A peer-reviewed journal that offers evidence-based clinical information and continuing education for dentists.

Navigating Dental Implants in Medically Complex Older Adults

When dealing with older adults who have comorbidities, clinicians should prioritize a well-thought-out approach to dental implant therapy.


Many older adults have comorbidities that directly impact the placement and long-term success of dental implants. Unfortunately, the aging process brings with it increased frailty and often involves common chronic conditions. Examples include cardiovascular disease, cancer, respiratory diseases, diabetes mellitus, cirrhosis of the liver, osteoarthritis, and conditions that involve neurocognitive impairment.

According to Halpern and Adams,1 clinicians should consider several key points when dealing with medically complex dental implant candidates:

  • Dental implant therapy in medically complex patients is predicated on a well-thought-out surgical and restorative foundation that promotes both long-term function and improved, health-related quality of life.
  • Implant therapy in medically compromised patients involves a multiplicity of presurgical, postsurgical and pharmacologic considerations.
  • There is no consensus as to whether medically complex patients’ risk for early or late implant failure exceeds those of healthy patients.
  • Additionally, there is no consensus as to whether implant therapy in immunocompromised individuals results in implant survival rates comparable to healthy cohorts.

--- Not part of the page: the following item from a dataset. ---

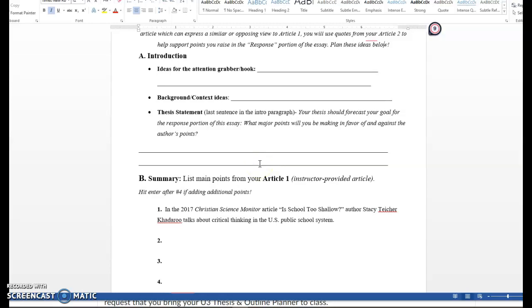Because your thesis statement needs to forecast what you're saying in your essay. This is a response paper. Anytime you are asked to write a response to a text, you are offering up all of the reactions that you had to that text. So your thesis statement is essentially going to be a list of all of those different or a summary of all of those different reactions that you had. So when we are talking about creating a thesis statement for this paper, you're going to want to have something that sums up your personal and in this essay, because it is a response, you may use the first person I, your personal sort of reaction ideologically to the article Is School Too Shallow.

Published studies of long-term dental implant success and survival provide more realistic options for restoration of function and esthetics regardless of age — and, in most cases, medical disabilities. After studying patients between 66 and 93 years of age, Becker et al2 report that older individuals receiving dental implants had excellent implant survival rates, low periodontal disease index scores, minimal changes in interproximal bone health, and outstanding quality of life scores. Additionally, they suggest this cohort can be maintained in good oral health. Therefore, in many cases implants (rather than dentures) are the treatment of choice.

Given the undoubted benefits of an implant-retained restoration compared to removable alternatives for oncology patients, the use of implants may even be justified when implant survival rates are significantly below those reported for healthy individuals.3 Similarly, patients with hyposalivation can benefit from implant-retained appliances due to the lack of retention of a standard dentureand frequent sore spots due to reduced salivary production.


  1. Halpern LR, Adams DR. Medically complex systemic disease and dental implant success/​survival. Dent Clin N Am. 2021;65:1–19.
  2. Becker W, Hujoel P, Becker BE, Wohrle P. Dental implants in an aged population: evaluation of periodontal health, bone loss, implant survival, and quality of life. Clin Implant Dent Relat Res. 2016;18:473–479.
  3. Schimmel M, Srinivasan M, McKenna G, Muller F. Effect of advanced age and/or systemic medical conditions on dental implants survival: A systematic review and meta-analysis. Clin Oral Implants Res. 2018;29(Suppl 16):311–330.